Webster J., Oguzman E., Morris EJA., Shepperd S., Griffin XL., Johansen A., Goldacre R.
BACKGROUND: Hip fractures are a common serious injury in older adults. The COVID-19 pandemic had a substantial impact on hip fracture prevention services, but contemporary data on incidence are scarce. We investigated recent trends and variation in the incidence of hip fracture in England. METHODS: A population-based study was conducted of hip fracture hospital presentations in adults aged ≥50 years using English national secondary care data (January 2014-October 2024). Trends in incidence were compared across pre-pandemic (January 2014-February 2020), pandemic (March-2020-July-2021), and post-pandemic periods (August 2021-October 2024). Variation by age, sex, and area-level deprivation were explored. FINDINGS: From 2014 to 2024, there were 704,762 hip fractures in 669,101 patients. Age-standardised incidence rates steadily declined from 2014 to 2019 from a mean monthly rate of 28.0-26.4 per 100,000 population. Incidence rates were below expected levels during the pandemic (IRR 0.96, 95% CI 0.94-0.97) but above expected levels in the post-pandemic period (IRR 1.03, 95% CI 1.01-1.04), resulting in 5595 more hip fractures than expected from August 2021 to October 2024. Hip fractures were more common in women, but temporal trends were consistent by sex.
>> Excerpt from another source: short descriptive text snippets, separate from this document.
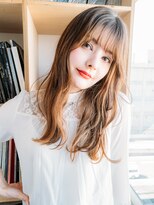 サロン ド ウィズ 西船橋店(Salon de With)&nbsp;ロングガーリースタイル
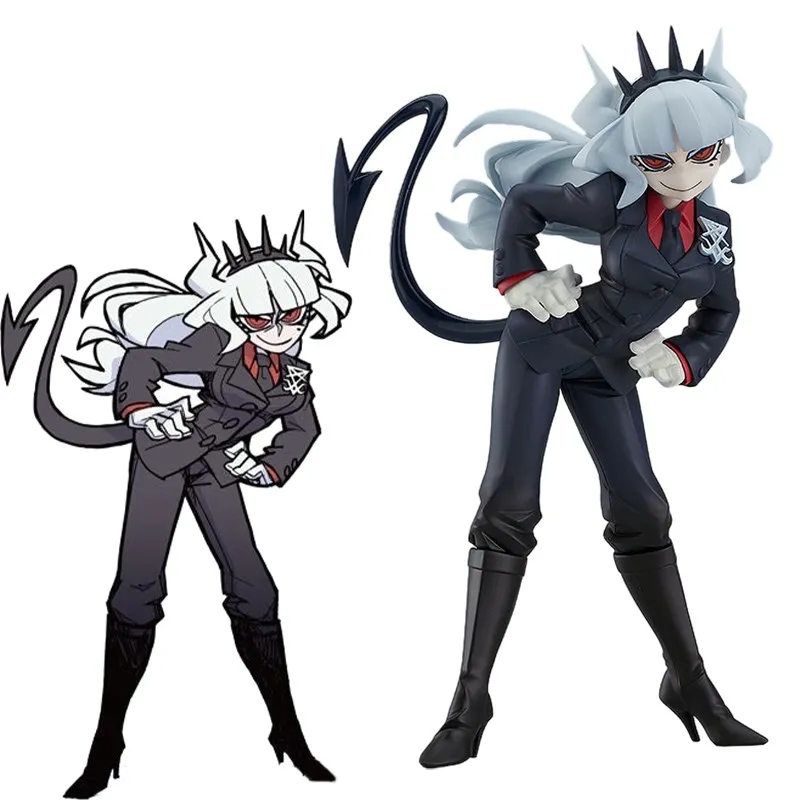 18CM Anime Figure Helltaker Lucifer Series Game Peripherals Model Toys Desktop Collection Ornaments PVC Boxed Gift
18CM Anime Figure Helltaker Lucifer Series Game Peripherals Model Toys Desktop Collection Ornaments PVC Boxed Gift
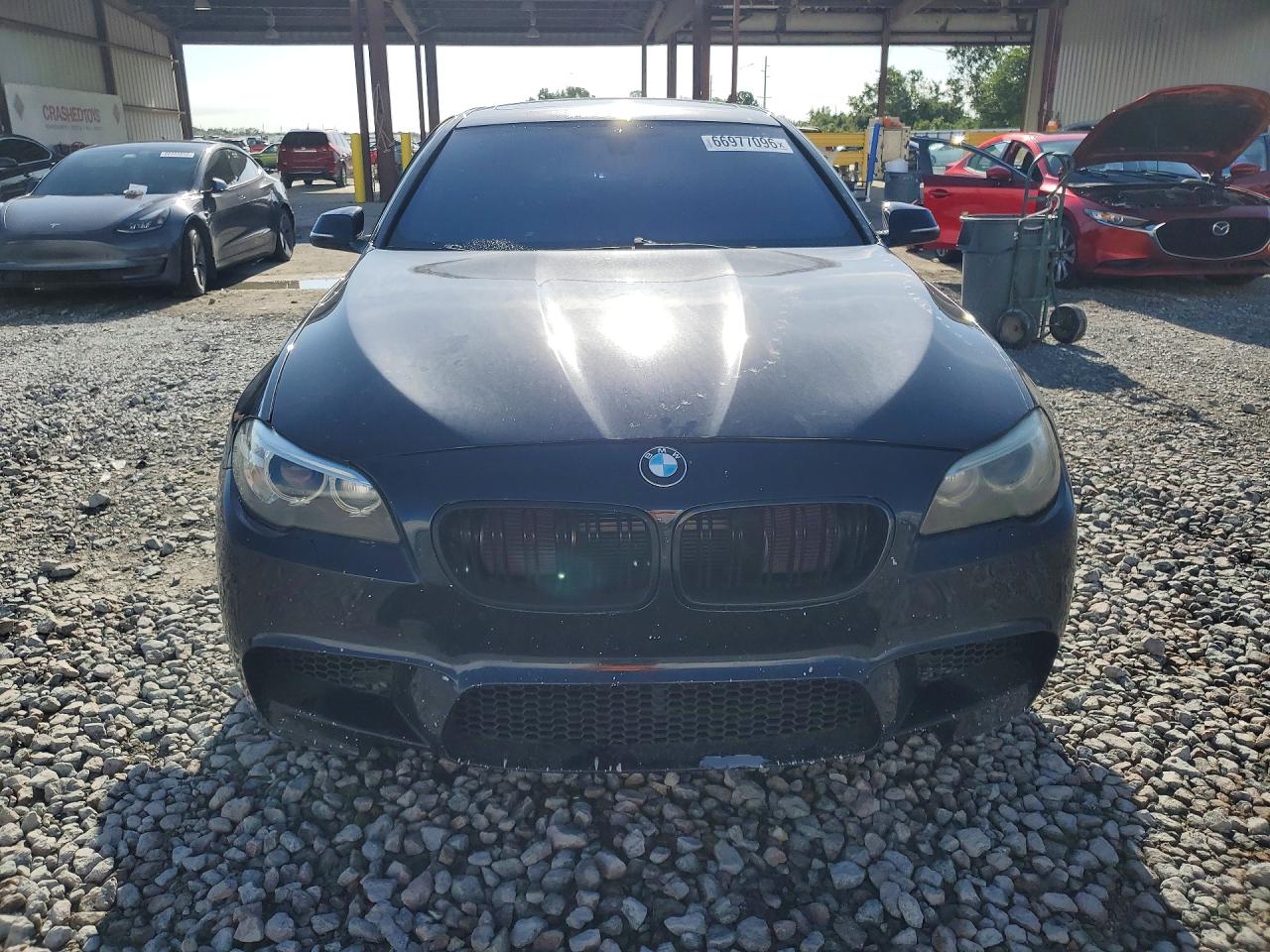 2016 BMW 550 I — снимка 5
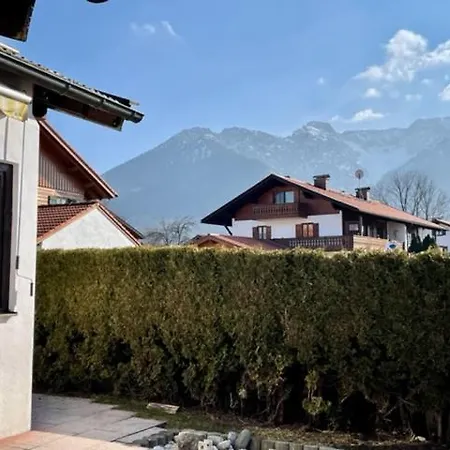 Kleines Haeuschen Mit Bergblick Apartment Eschenlohe Exterior photo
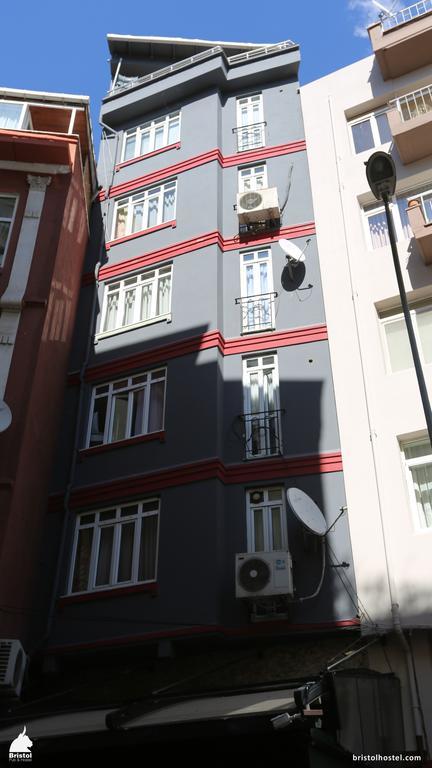 Bristol Hostel Stambuł Zewnętrze zdjęcie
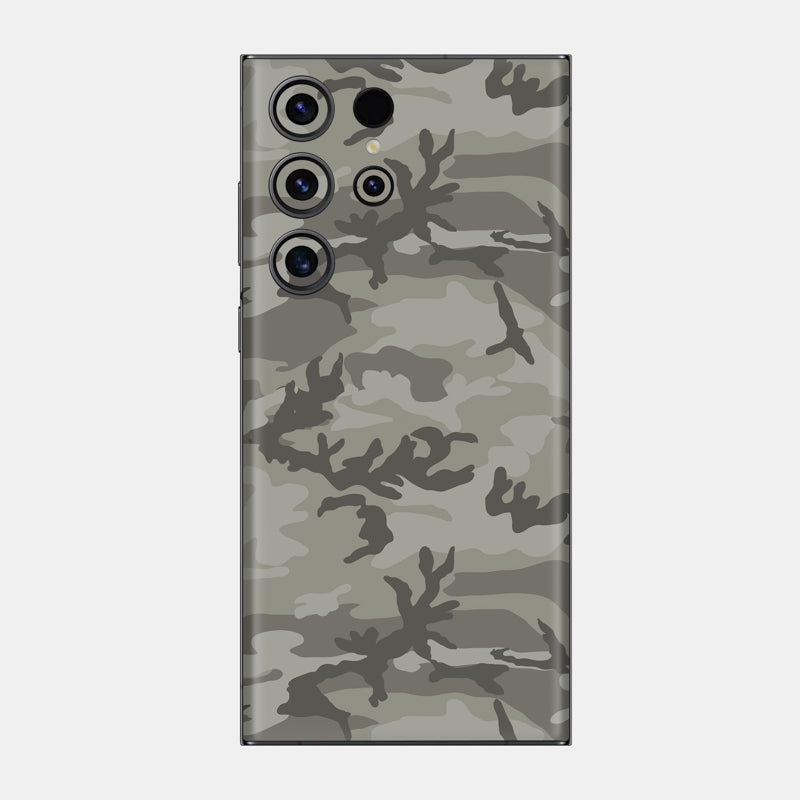 Dessert Camo Glass Back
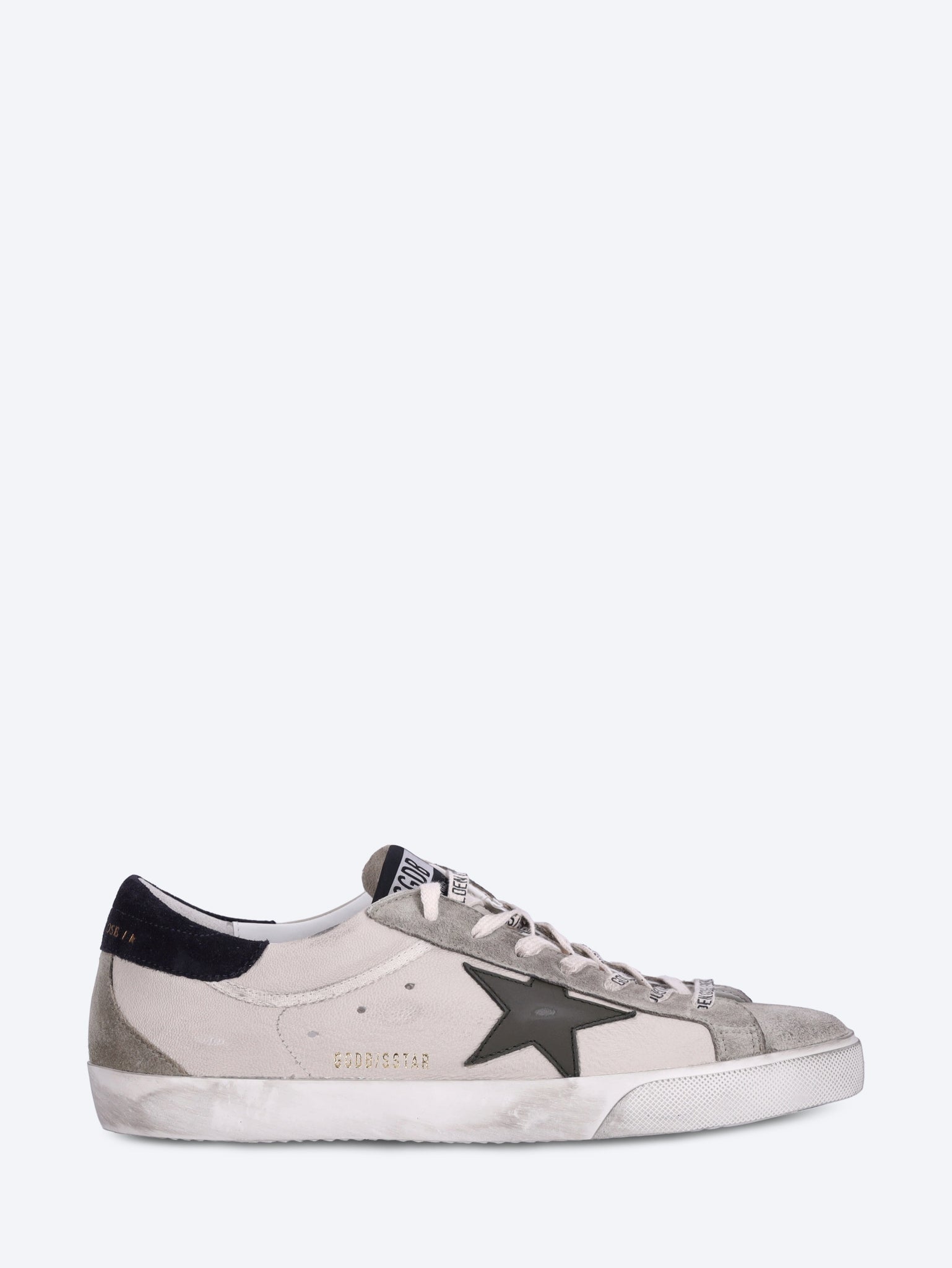 Super Star-Sneaker aus Nappaleder mit Zehenbereich und Stern-Sneaker aus Sporenleder 1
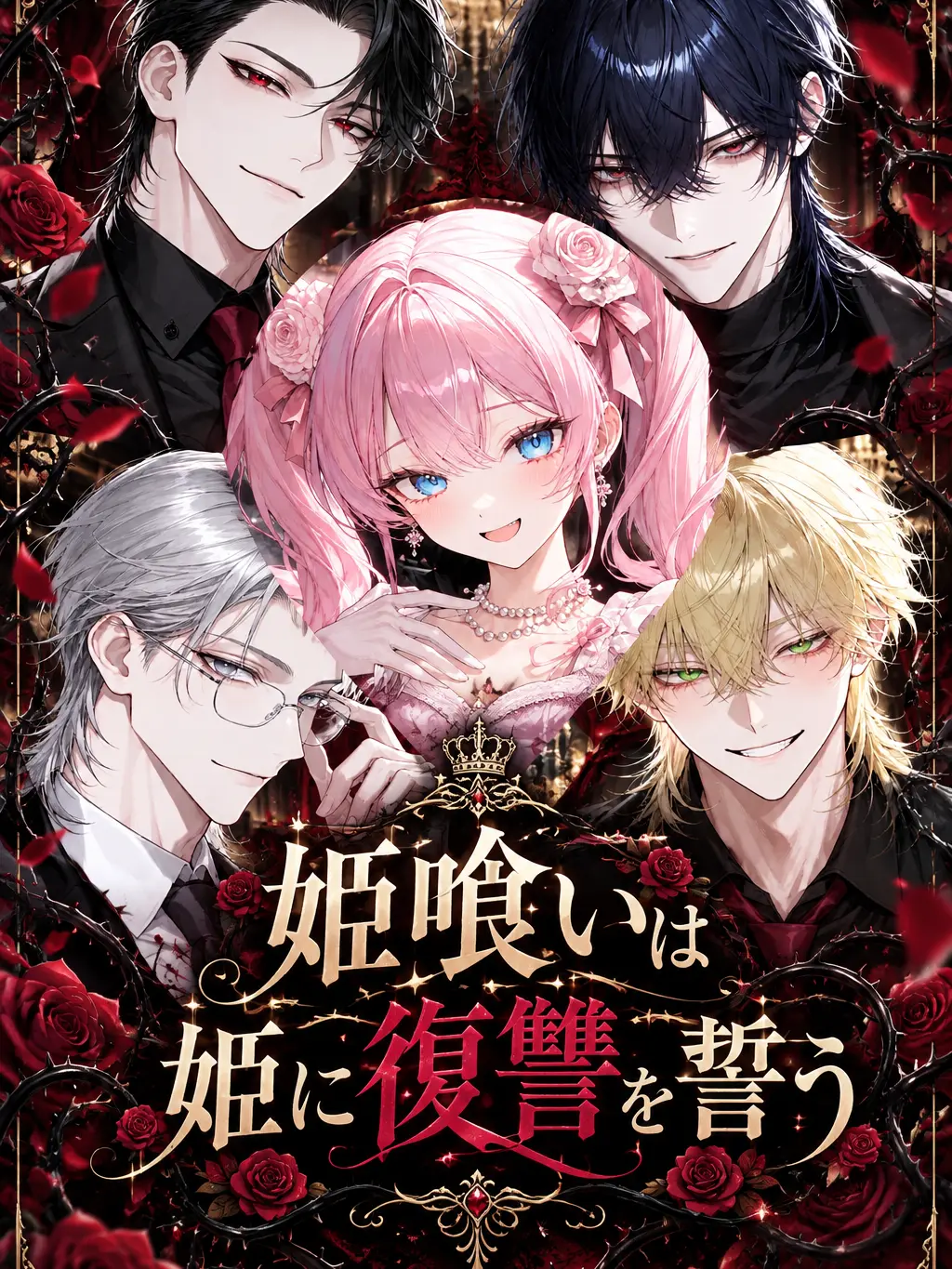 TamestTie5937의 姫喰いは姫に復讐を誓う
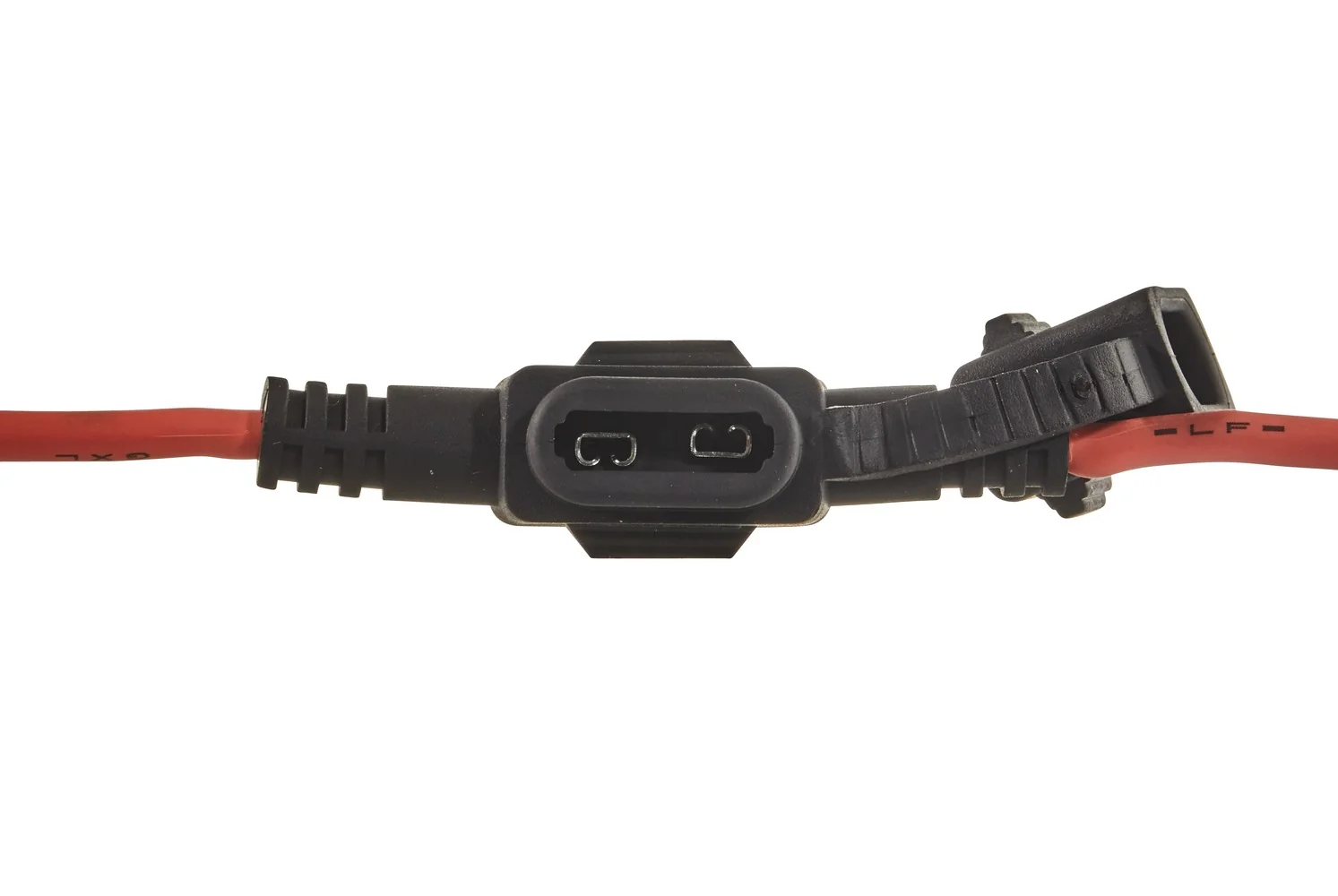 HELLA - 8JD 743 557-011 - Sicherungshalter, Mini-Flachstecksicherung, rot, Menge: 1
Incidence rates were higher in the most compared with the least deprived quintile; these inequalities remained largely unchanged by 2024 (IRR, 95% CI 1.67 [1.45-1.93] in men; 1.30 [1.19-1.42] in women). INTERPRETATION: This study highlights an excess of hip fracture presentations to hospital since the COVID-19 pandemic, and continued disparities in incidence by deprivation, despite an overall decreasing long-term trend. More equitable prevention strategies are needed, such as through more widespread screening for fracture risk and better coverage of fracture liaison services. FUNDING: Authors are supported by the NIHR Oxford BRC.